A forma extrema da mentira é conhecida como pseudologia fantástica, uma tendência a mentir compulsivamente, explica Héctor González. Neste perfil se encaixa Alicia Esteve Head, apelido de Tania Head, que se tornou a vítima perfeita do 11-S. “Todos nós nos apaixonamos por ela. Era cativante, elegante e sofisticada, e sorria gentilmente”, disse o jornalista Angelo Guglielmo, em 2012. Esteve garantiu ser uma das sobreviventes do ataque às Torres Gêmeas, onde dizia ter trabalhado como executiva do banco de investimento Merrill Lynch.

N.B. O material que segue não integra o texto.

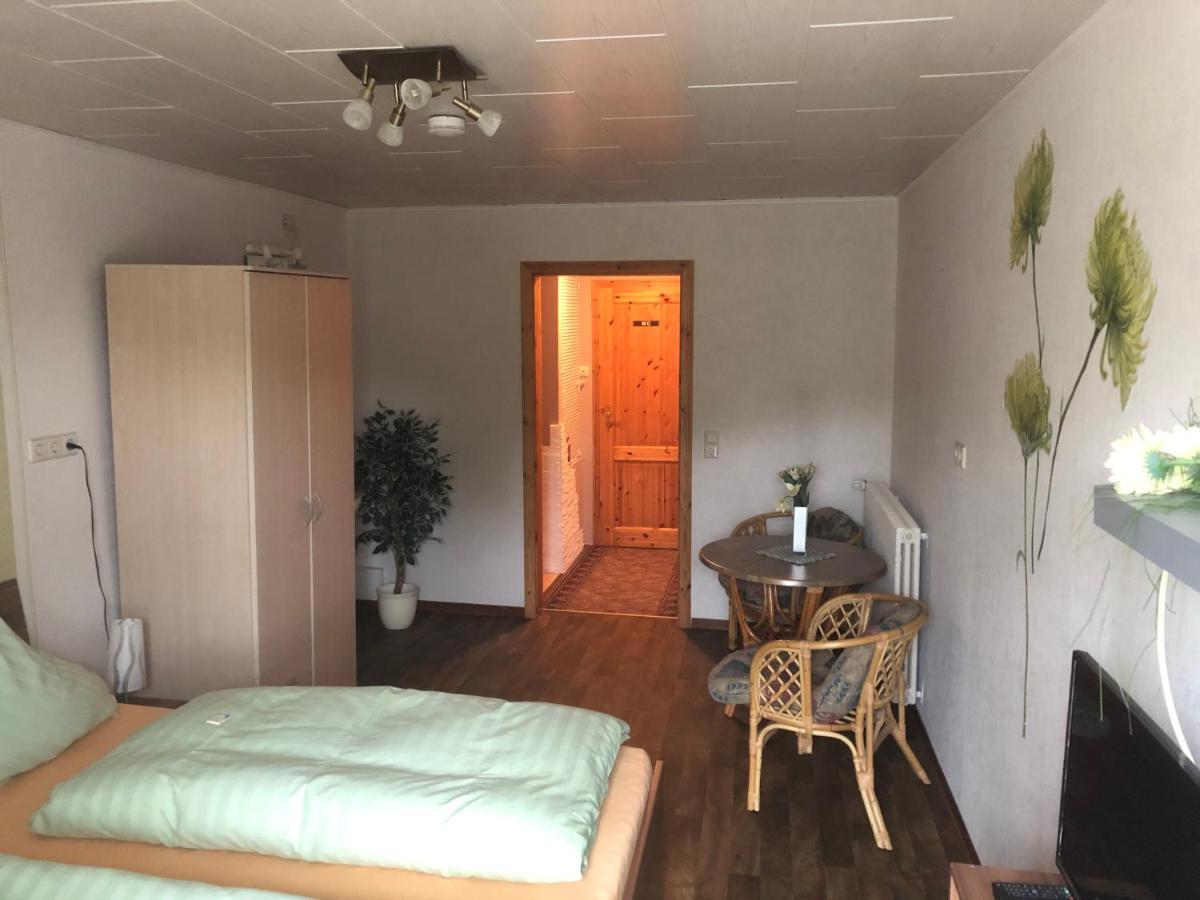 Hotel - Restaurant - Deutsches Haus Neuhutte Extérieur photo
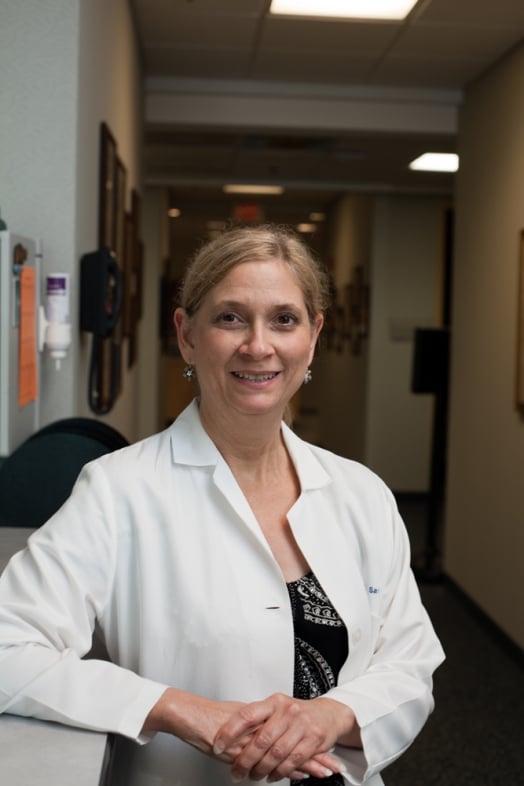 Oncología Médica - Linda Sawyer, NP-C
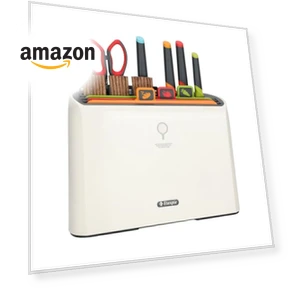 Smart Cutting Board and Knife Set with Self-Cleaning Feature — Cutting Boards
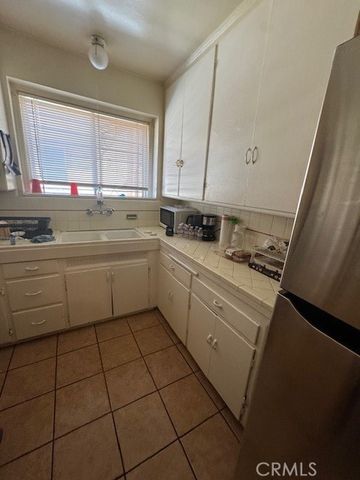 1200 N Kenmore, Los Angeles, CA 90029
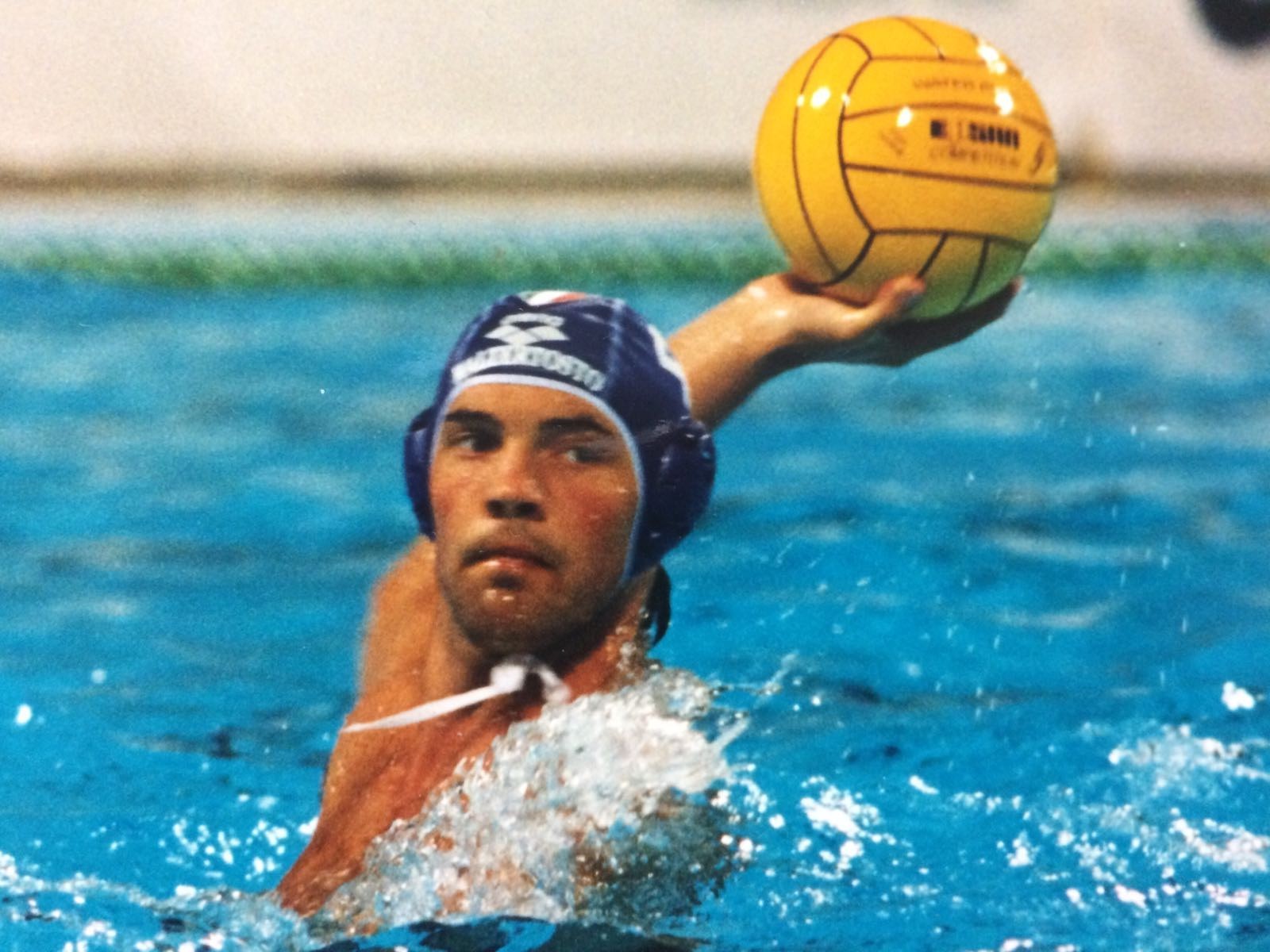 Harry zet aan voor een worp tijdens een waterpolowedstrijd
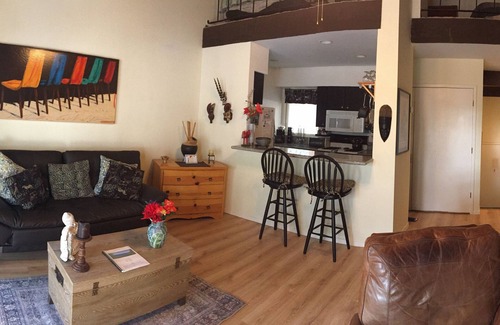 Dollar Point Condo | Artfully Decorated 2Br Condo With Air Conditioning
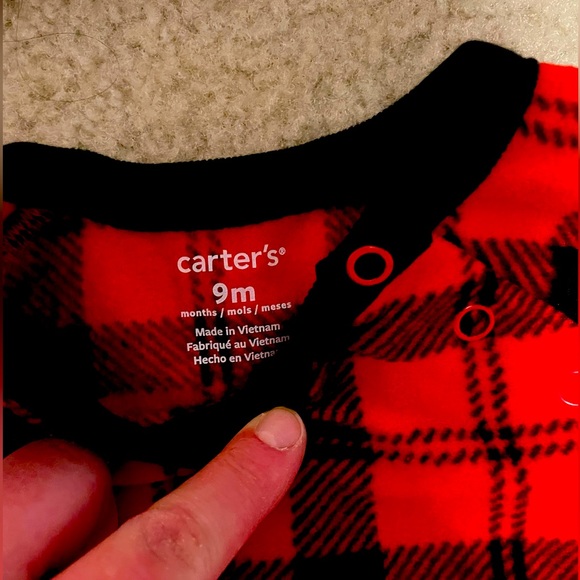 Carter’s Buffalo Plaid two piece baby pajamas 9M NWT - Picture 5 of 7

Ela contou, emocionada, que perdeu seu noivo, Dave, que estava na outra torre. Na verdade, quando os aviões atingiram o World Trade Center, Esteve, que, como filha de uma britânica falava perfeitamente inglês, estava em Barcelona, onde morava no bairro de Sarrià. No entanto, conseguiu fazer com que todos acreditassem na sua história durante anos, inclusive Guglielmo (coautor do livro e documentário La mujer que no estuvo allí, sobre as andanças da espanhola). Ela assumiu uma associação de vítimas que cofundou e foi fotografada com várias autoridades da cidade, como o prefeito Michael Bloomberg e o ex-prefeito Rudolph Giuliani, a quem acompanhou em uma visita guiada ao marco zero.

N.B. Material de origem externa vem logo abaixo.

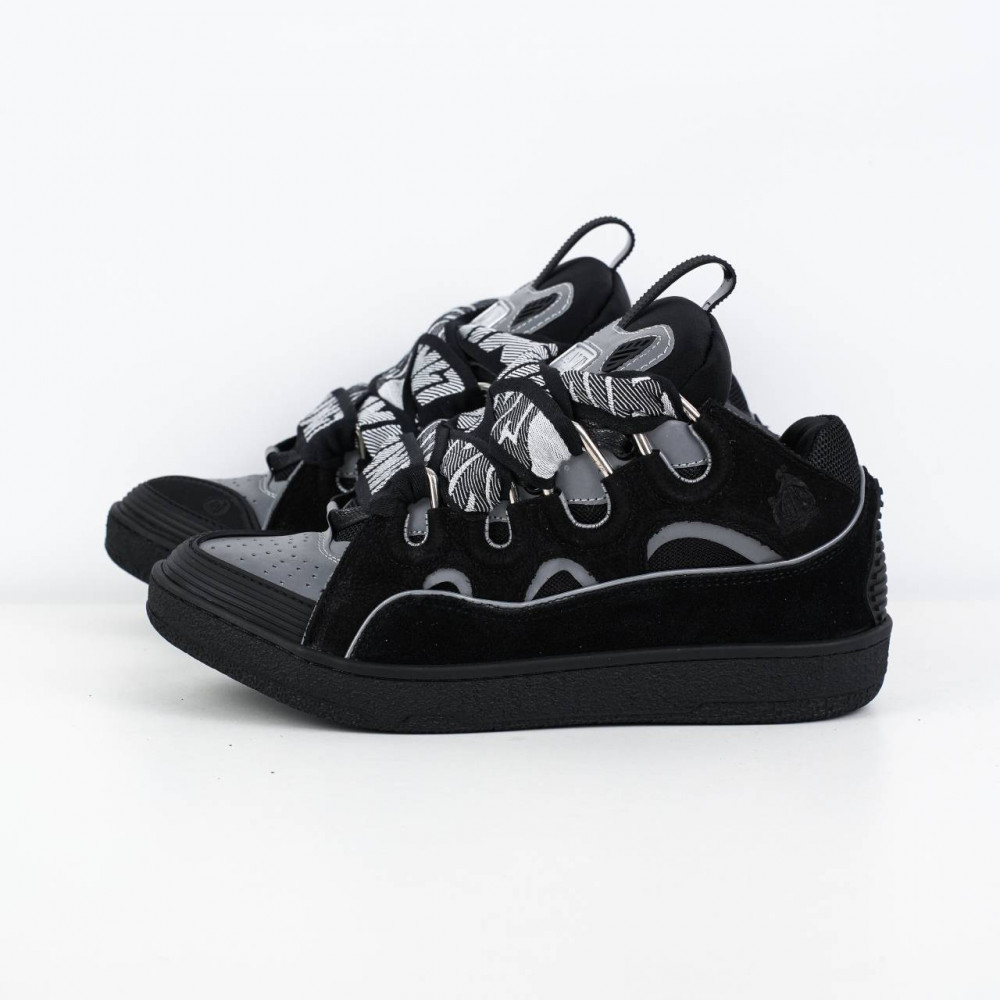 Curb Sneakers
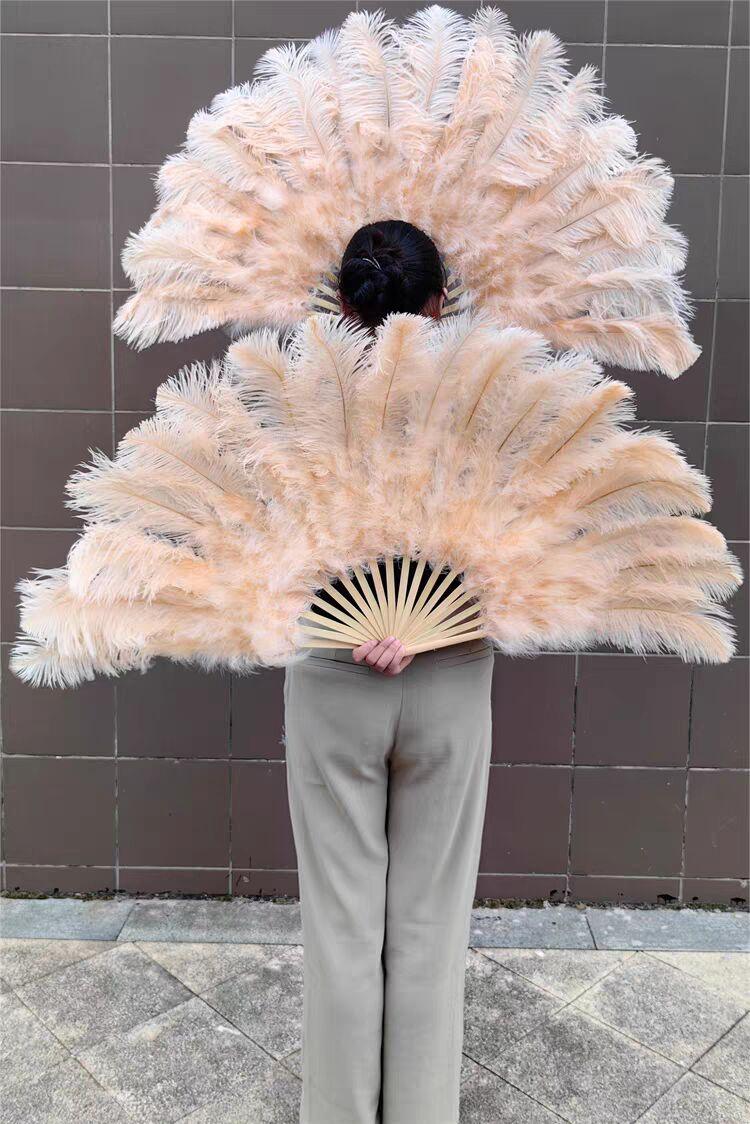 Light pink ostrich feather fan, fluffy handheld fan for performances, burlesque shows and themed parties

“Os mentirosos compulsivos procuram o reconhecimento social, a admiração e vão construindo a mentira”, explica Héctor González. “Dizem que têm trabalhos interessantes, que conhecem pessoas interessantes e, acima de tudo, criam um personagem que assimilam como próprio: a melhor estratégia do engano é o autoengano”. A vida inventada de Esteve custou o seu emprego em Barcelona. Agora, ninguém sabe onde ela está. Martínez Selva a considera uma fabuladora nata: “Mentia na escola, no instituto, na escola de negócios e acredito que, onde estiver agora, estará mentindo”.
Psicopatas, trapaceiros e vigaristas
Jean-Claude Romand. No caso deste francês, que se fez passar por médico da Organização Mundial da Saúde durante anos, a mentira acabou em tragédia. Viveu uma vida dupla durante anos e, quando estavam a ponto de desmascará-lo, matou a sua família em 1993. A sua história inspirou Emmanuel Carrère a escrever L'Adversaire (O adversário, em tradução livre).
Frank Abagnale. Encarnou várias personalidades (médico, advogado e piloto) nos anos sessenta e passou cheques falsos. Sua vida foi contata por Spielberg no filme Prenda-me se for capaz.
Stephen Glass e Tommasso Debenedetti. Esses jornalistas não inventaram as suas vidas, mas a dos outros. Escreveram com uma só fonte: a sua imaginação. Debenedetti publicou entrevistas com Philip Roth, Gore Vidal, Toni Morrison... todas falsas. Glass foi descoberto em 1998 depois de publicar uma reportagem com um suposto hacker de 15 anos que foi resultado de uma invenção.